_Data shown_

* * * *

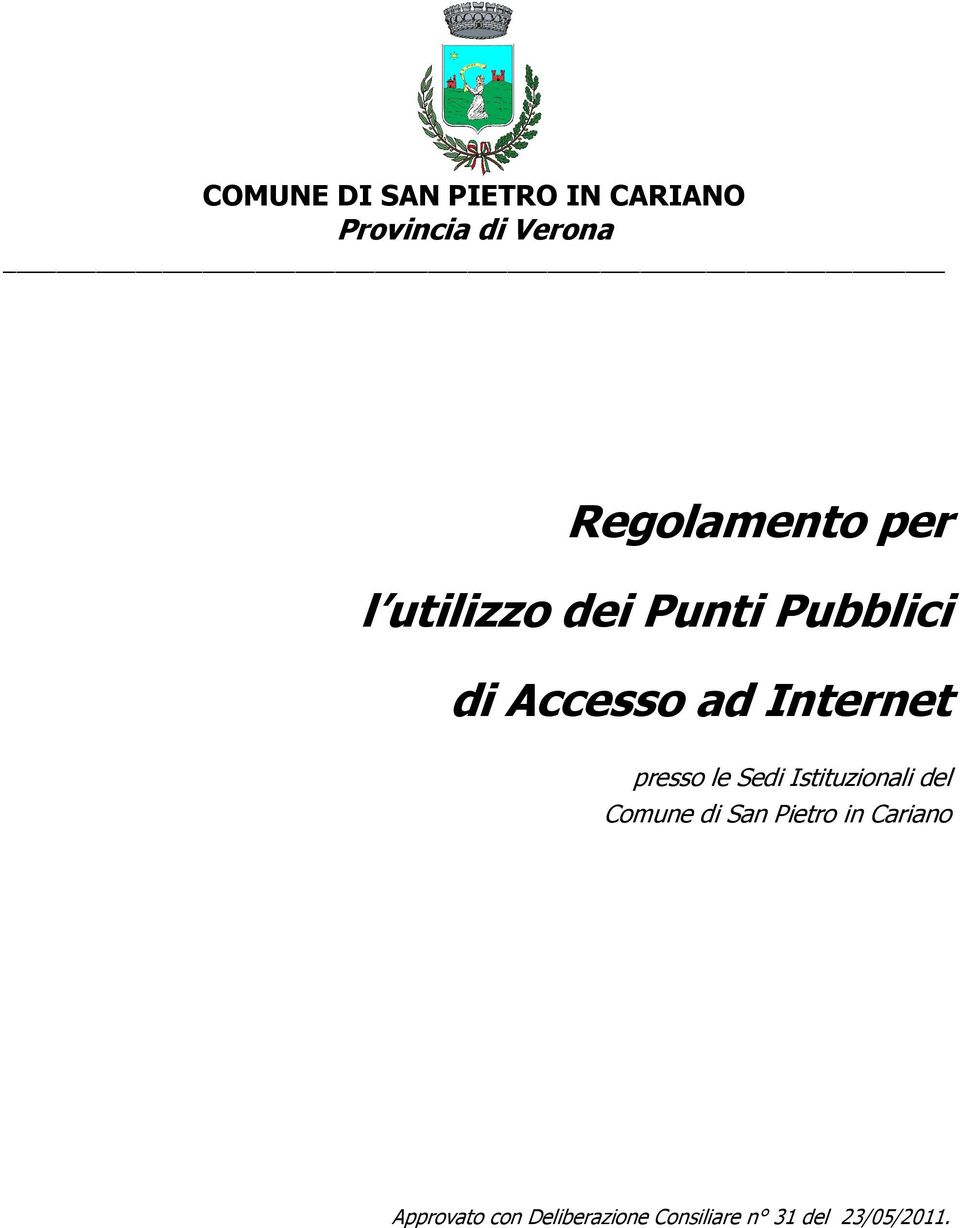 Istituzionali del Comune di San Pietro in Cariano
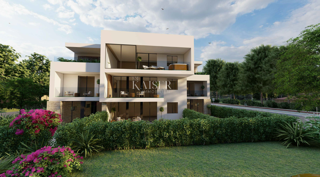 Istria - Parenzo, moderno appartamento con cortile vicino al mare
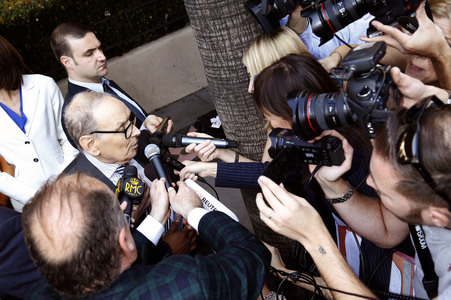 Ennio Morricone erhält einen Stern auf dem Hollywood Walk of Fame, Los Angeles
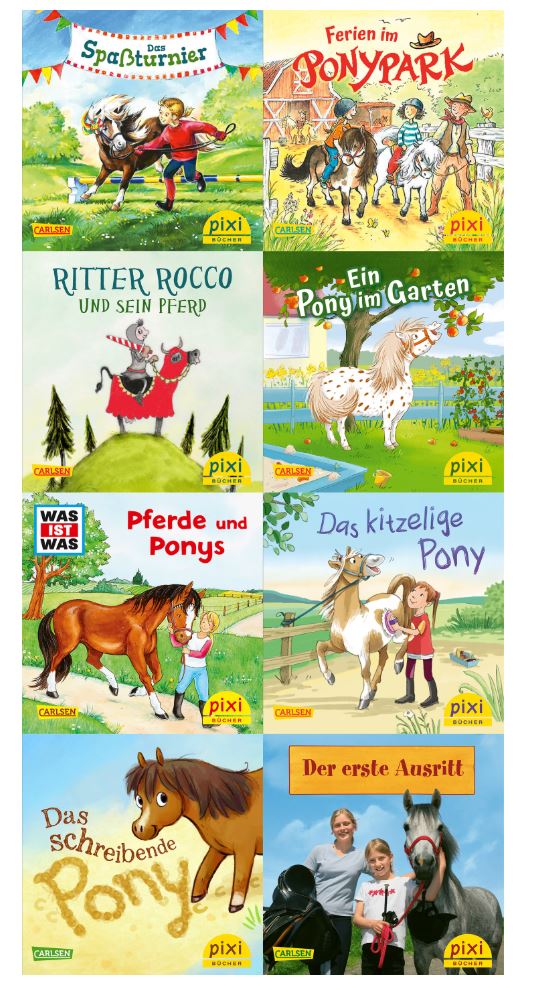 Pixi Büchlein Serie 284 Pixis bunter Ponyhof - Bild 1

* * * *

_How to complete this task_
Write out exactly, with no pictures, each line from the one containing "Ennio Morricone erhält" through the last line of the listing above, both included.

_Task solution_
 Ennio Morricone erhält einen Stern auf dem Hollywood Walk of Fame, Los Angeles
 Pixi Büchlein Serie 284 Pixis bunter Ponyhof - Bild 1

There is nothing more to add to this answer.